Prompt:
The material below is to be copied exactly from the line with "Luxury Catamaran" up to and including the line with "7 Augusto Farfus", with nothing else kept and no pictures.

Entries provided:
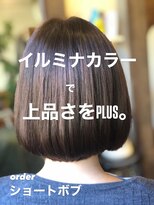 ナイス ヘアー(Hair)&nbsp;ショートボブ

--

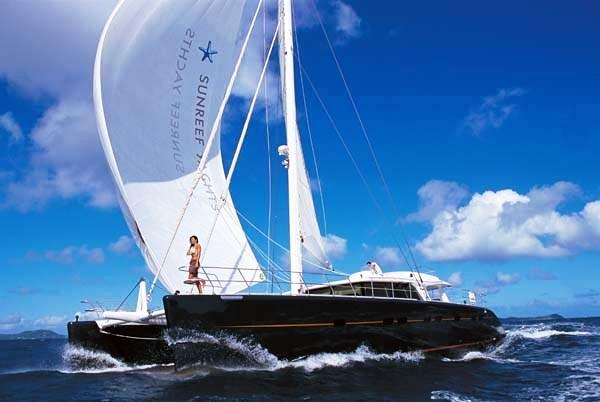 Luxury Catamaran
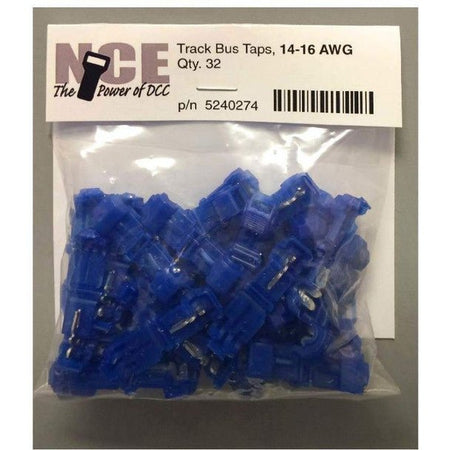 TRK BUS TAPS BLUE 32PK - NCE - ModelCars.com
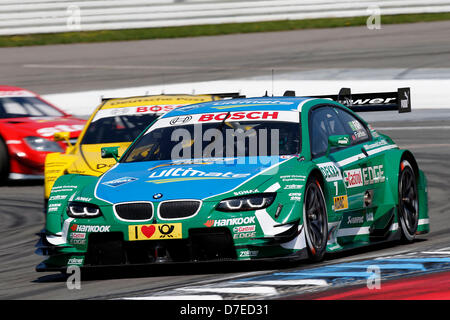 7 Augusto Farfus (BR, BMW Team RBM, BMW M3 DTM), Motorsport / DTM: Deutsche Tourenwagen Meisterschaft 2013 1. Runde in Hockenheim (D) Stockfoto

Finished exercise:
 Luxury Catamaran
 TRK BUS TAPS BLUE 32PK - NCE - ModelCars.com
 7 Augusto Farfus (BR, BMW Team RBM, BMW M3 DTM), Motorsport / DTM: Deutsche Tourenwagen Meisterschaft 2013 1. Runde in Hockenheim (D) Stockfoto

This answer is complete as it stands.